Wie hat Wilson das "Selbstbestimmungsrecht der Völker" proklamiert?

Der in Punkt 13 seines Vierzehnpunkteprogramms enthaltene Vorbehalt über die "von unbestritten polnischen Bevölkerungen bewohnten Gebiete" bezog sich nicht auf den Zugang zum Meer. In Deutschland mag man diese Einschränkung ignoriert haben. Aber Punkt 13 ist da ganz eindeutig.
einspruch, wieso sollten die danziger dankbar dafür sein, dass ihre stadt (und das umland) entgegen ihrem, in den wahlen zum ausdruck kommenden willen nicht mehr bestandteil des deutschen reiches sein sollte?
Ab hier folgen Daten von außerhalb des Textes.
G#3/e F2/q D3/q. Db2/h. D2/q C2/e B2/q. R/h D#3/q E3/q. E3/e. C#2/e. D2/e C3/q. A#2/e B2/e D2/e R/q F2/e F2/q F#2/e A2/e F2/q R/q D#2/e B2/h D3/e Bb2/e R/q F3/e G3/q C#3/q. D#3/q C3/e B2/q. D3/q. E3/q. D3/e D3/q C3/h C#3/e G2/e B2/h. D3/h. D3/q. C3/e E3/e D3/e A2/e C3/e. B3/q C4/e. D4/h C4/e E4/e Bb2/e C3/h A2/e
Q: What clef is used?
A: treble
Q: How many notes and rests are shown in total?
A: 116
wieso sollten sie dankbar sein, wenn polen mit enormen aufwand in gdingen einen neuen hafen anlegten, der den danziger schon bald überflügelte?

wieso sollten sie dankbar sein, dass die wirtschaft der freien stadt von den deutschen nachbarn durch zollgrenzen abgeschnitten wurde?

wieso sollten sie dankbar sein, wenn sie sich nicht selbst im ausland vertreten durften?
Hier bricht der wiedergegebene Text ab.